**Records to use**
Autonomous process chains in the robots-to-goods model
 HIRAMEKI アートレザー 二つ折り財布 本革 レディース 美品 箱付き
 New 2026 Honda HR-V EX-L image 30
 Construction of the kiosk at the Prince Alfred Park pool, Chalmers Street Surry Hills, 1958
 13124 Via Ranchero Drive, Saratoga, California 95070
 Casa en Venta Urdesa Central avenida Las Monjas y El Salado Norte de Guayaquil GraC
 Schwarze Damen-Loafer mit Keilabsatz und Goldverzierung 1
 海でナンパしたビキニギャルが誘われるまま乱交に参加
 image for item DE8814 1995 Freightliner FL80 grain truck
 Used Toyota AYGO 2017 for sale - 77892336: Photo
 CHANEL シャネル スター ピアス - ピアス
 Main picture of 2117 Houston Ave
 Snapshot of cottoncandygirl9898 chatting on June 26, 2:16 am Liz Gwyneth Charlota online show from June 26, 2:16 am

**Description of the task**
All of the material above should be repeated exactly.

**Answer to the exercise**
Autonomous process chains in the robots-to-goods model
 HIRAMEKI アートレザー 二つ折り財布 本革 レディース 美品 箱付き
 New 2026 Honda HR-V EX-L image 30
 Construction of the kiosk at the Prince Alfred Park pool, Chalmers Street Surry Hills, 1958
 13124 Via Ranchero Drive, Saratoga, California 95070
 Casa en Venta Urdesa Central avenida Las Monjas y El Salado Norte de Guayaquil GraC
 Schwarze Damen-Loafer mit Keilabsatz und Goldverzierung 1
 海でナンパしたビキニギャルが誘われるまま乱交に参加
 image for item DE8814 1995 Freightliner FL80 grain truck
 Used Toyota AYGO 2017 for sale - 77892336: Photo
 CHANEL シャネル スター ピアス - ピアス
 Main picture of 2117 Houston Ave
 Snapshot of cottoncandygirl9898 chatting on June 26, 2:16 am Liz Gwyneth Charlota online show from June 26, 2:16 am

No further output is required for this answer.